# EXERCISE DIRECTIONS
With pictures omitted, the line containing "Oude schuur deur" and all later lines of the records below are to be restated word for word.

# Items listed in a dataset
++++

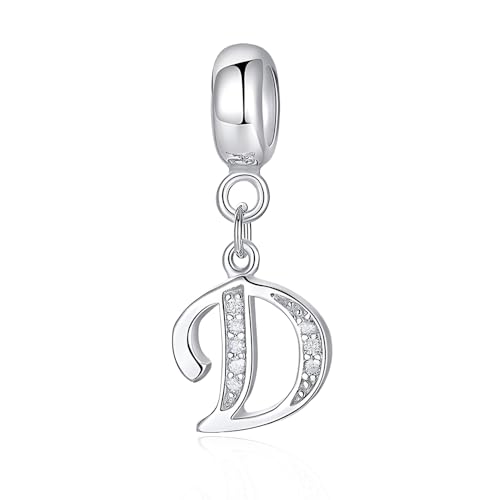 LMLMECREA 925 Sterling Silber Initialen Charms Anhänger - Buchstaben D Charm für Europäische Armbänder & Halsketten - Schmuckgeschenk für Damen von LMLMECREA
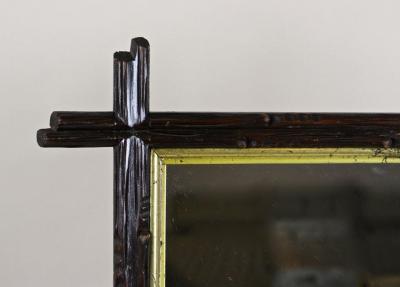 19th Century Rustic Black Forest Mirror with Gilt Inner Bars AT circa 1880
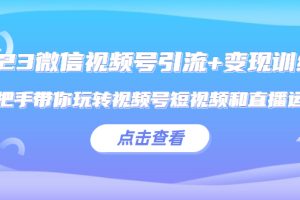 （5548期）2023微信视频号引流+变现训练营：手把手带你玩转视频号短视频和直播运营!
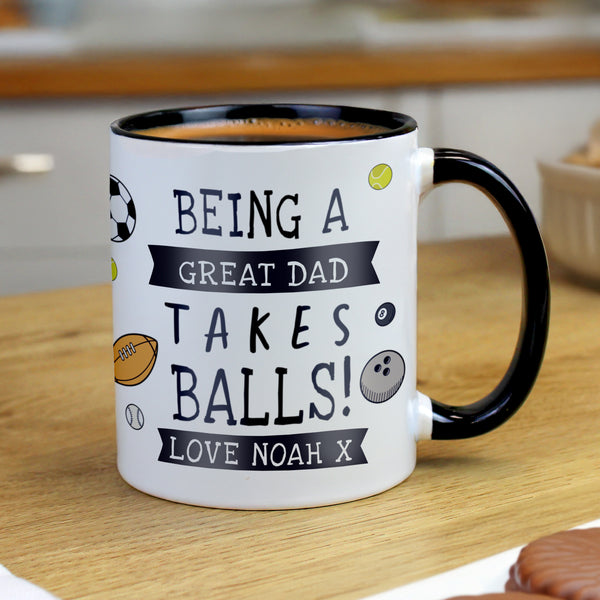 Personalised Takes Balls Black Handle Ceramic Mug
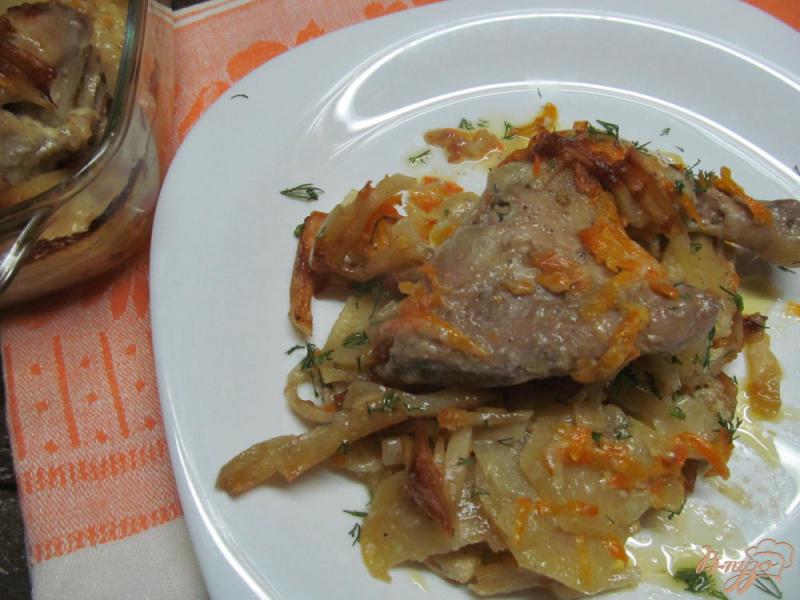 Фото приготовление рецепта: Запеканка с цыпленком и картофелем шаг №11
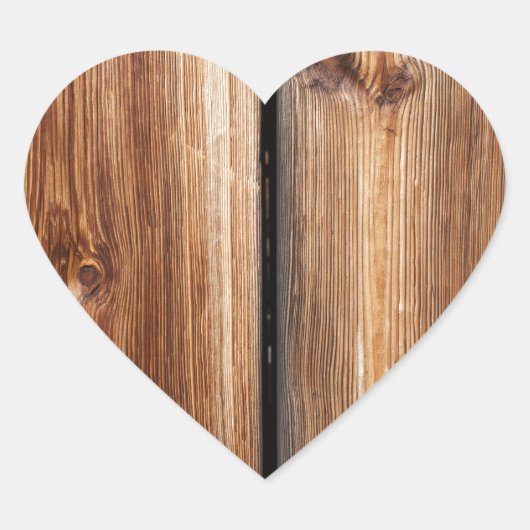 Oude schuur deur houten achtergrond hart sticker (Voorkant)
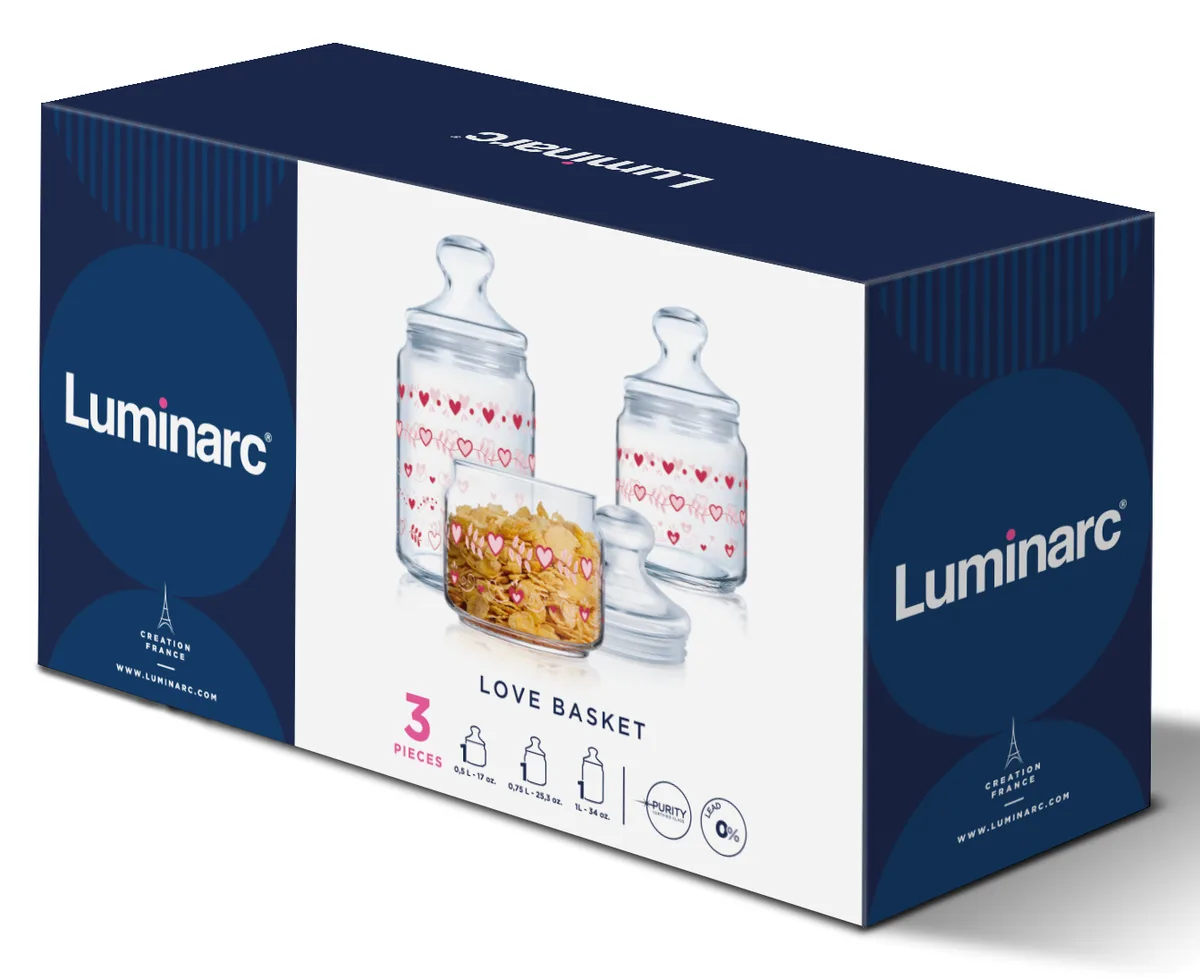 Набір банок Luminarc скло 0.5 0.75 1 л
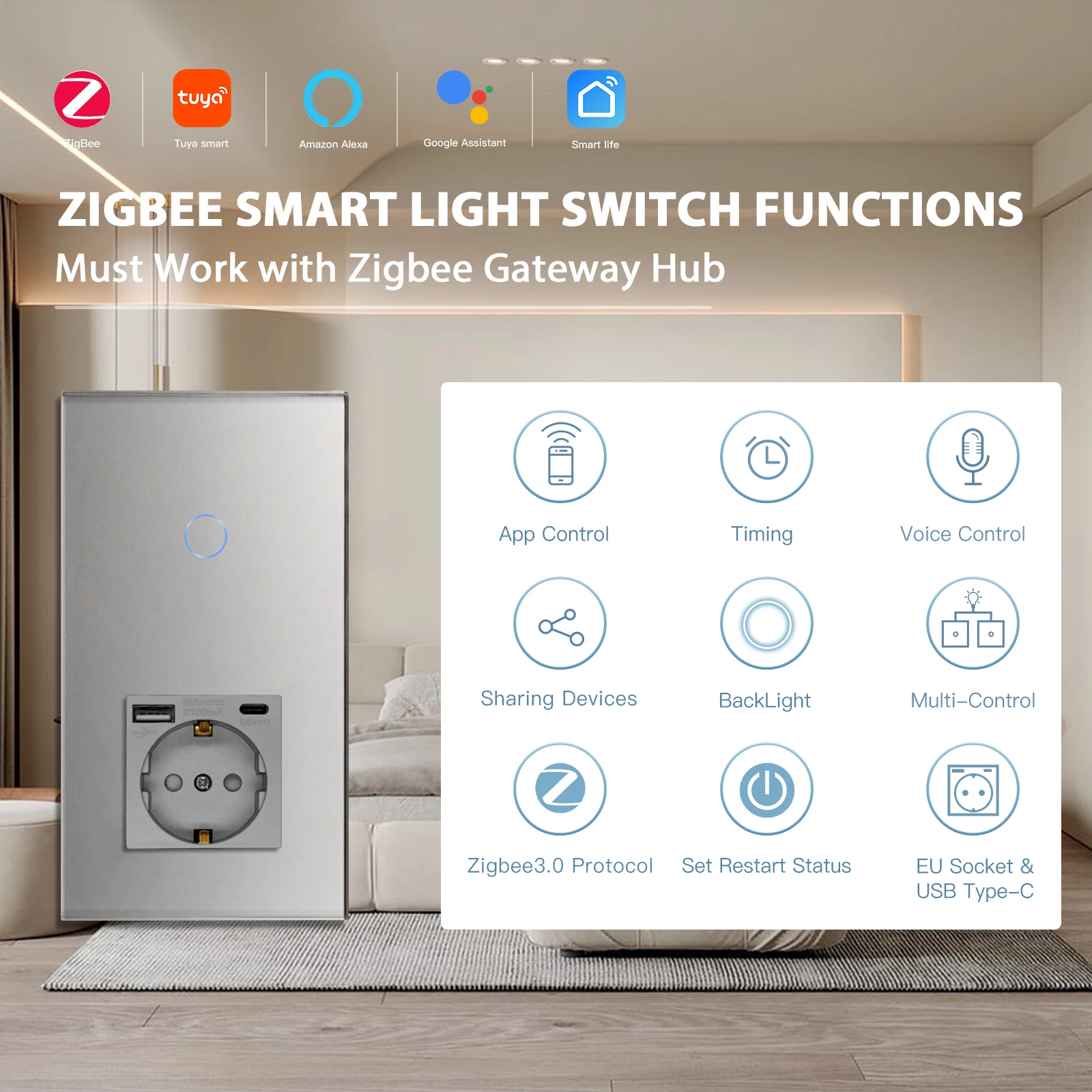 BSEED 1/2/3Gang Zigbee Light Switch Wall Touch Switch Normal Socket USB Type-C Charge Port Tuya Smart Life Google Home Control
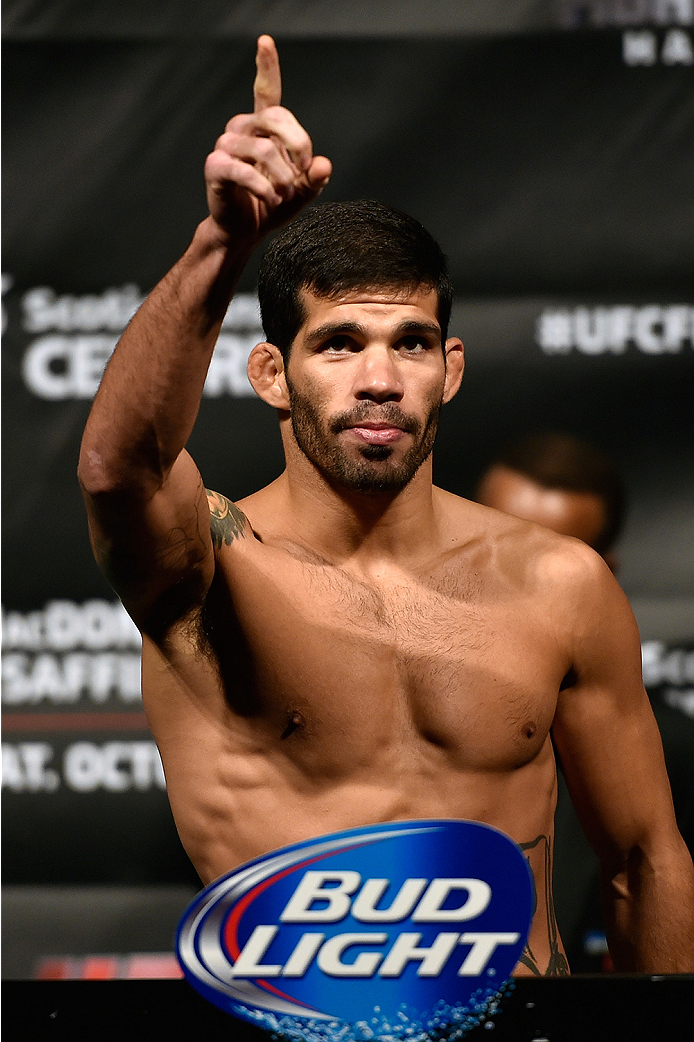 HALIFAX, NS - OCTOBER 3: Raphael Assuncao of Brazil steps on the scale during the UFC Fight Night weigh-in at the Scotiabank Centre on October 3, 2014 in Halifax, Nova Scotia, Canada. (Photo by Jeff Bottari/Zuffa LLC/Zuffa LLC via Getty Images)
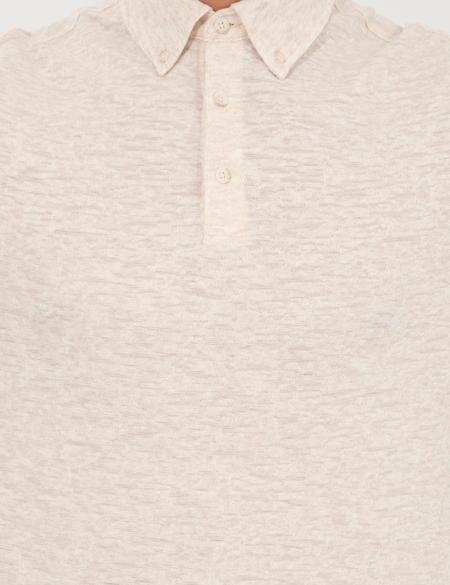 Bej Melanj Slim Fit Tişört - 50249807029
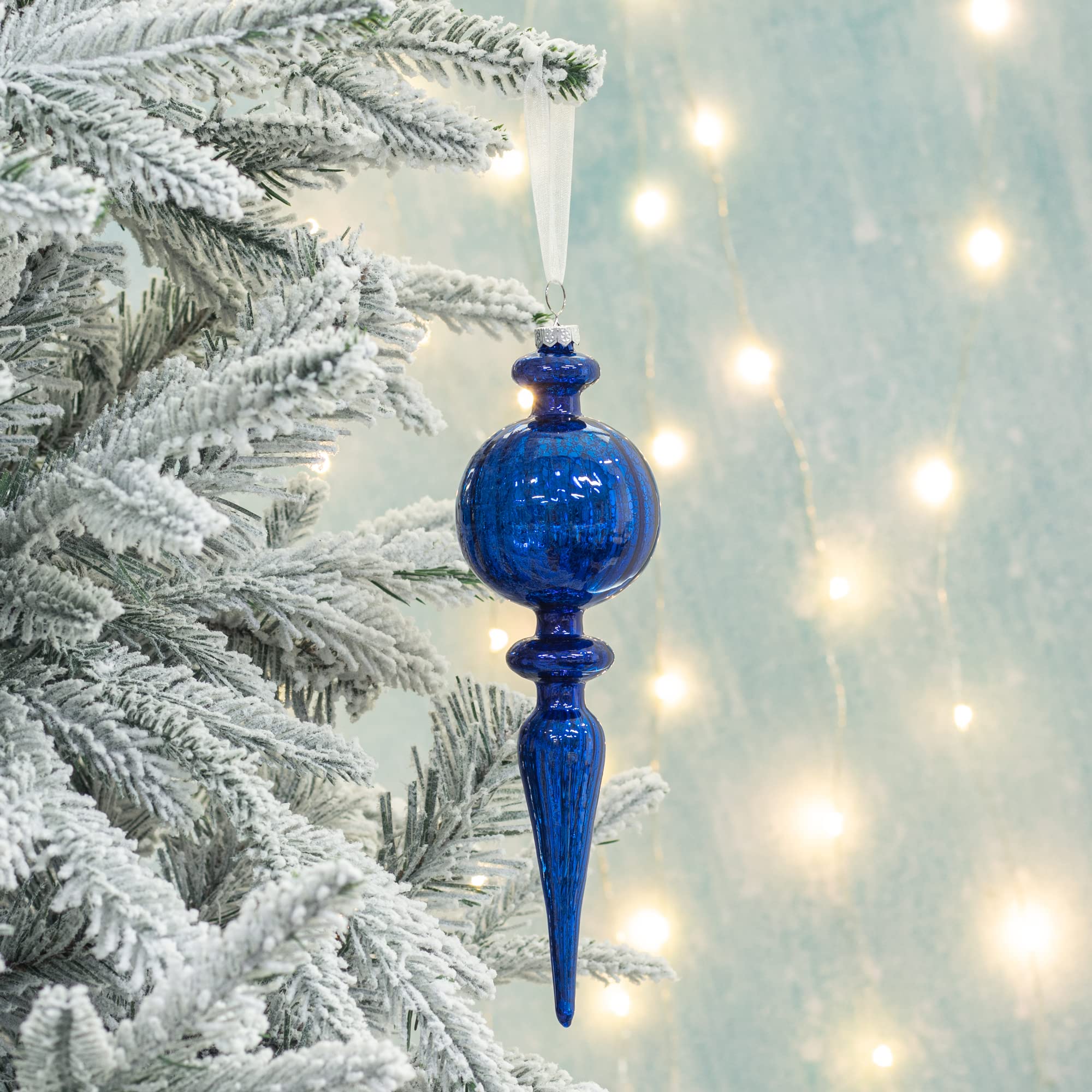 Amazon.com: KI Store Finial Mercury Glass Christmas Ornaments Blue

++++

# TASK SOLUTION
 Oude schuur deur houten achtergrond hart sticker (Voorkant)
 Набір банок Luminarc скло 0.5 0.75 1 л
 BSEED 1/2/3Gang Zigbee Light Switch Wall Touch Switch Normal Socket USB Type-C Charge Port Tuya Smart Life Google Home Control
 HALIFAX, NS - OCTOBER 3: Raphael Assuncao of Brazil steps on the scale during the UFC Fight Night weigh-in at the Scotiabank Centre on October 3, 2014 in Halifax, Nova Scotia, Canada. (Photo by Jeff Bottari/Zuffa LLC/Zuffa LLC via Getty Images)
 Bej Melanj Slim Fit Tişört - 50249807029
 Amazon.com: KI Store Finial Mercury Glass Christmas Ornaments Blue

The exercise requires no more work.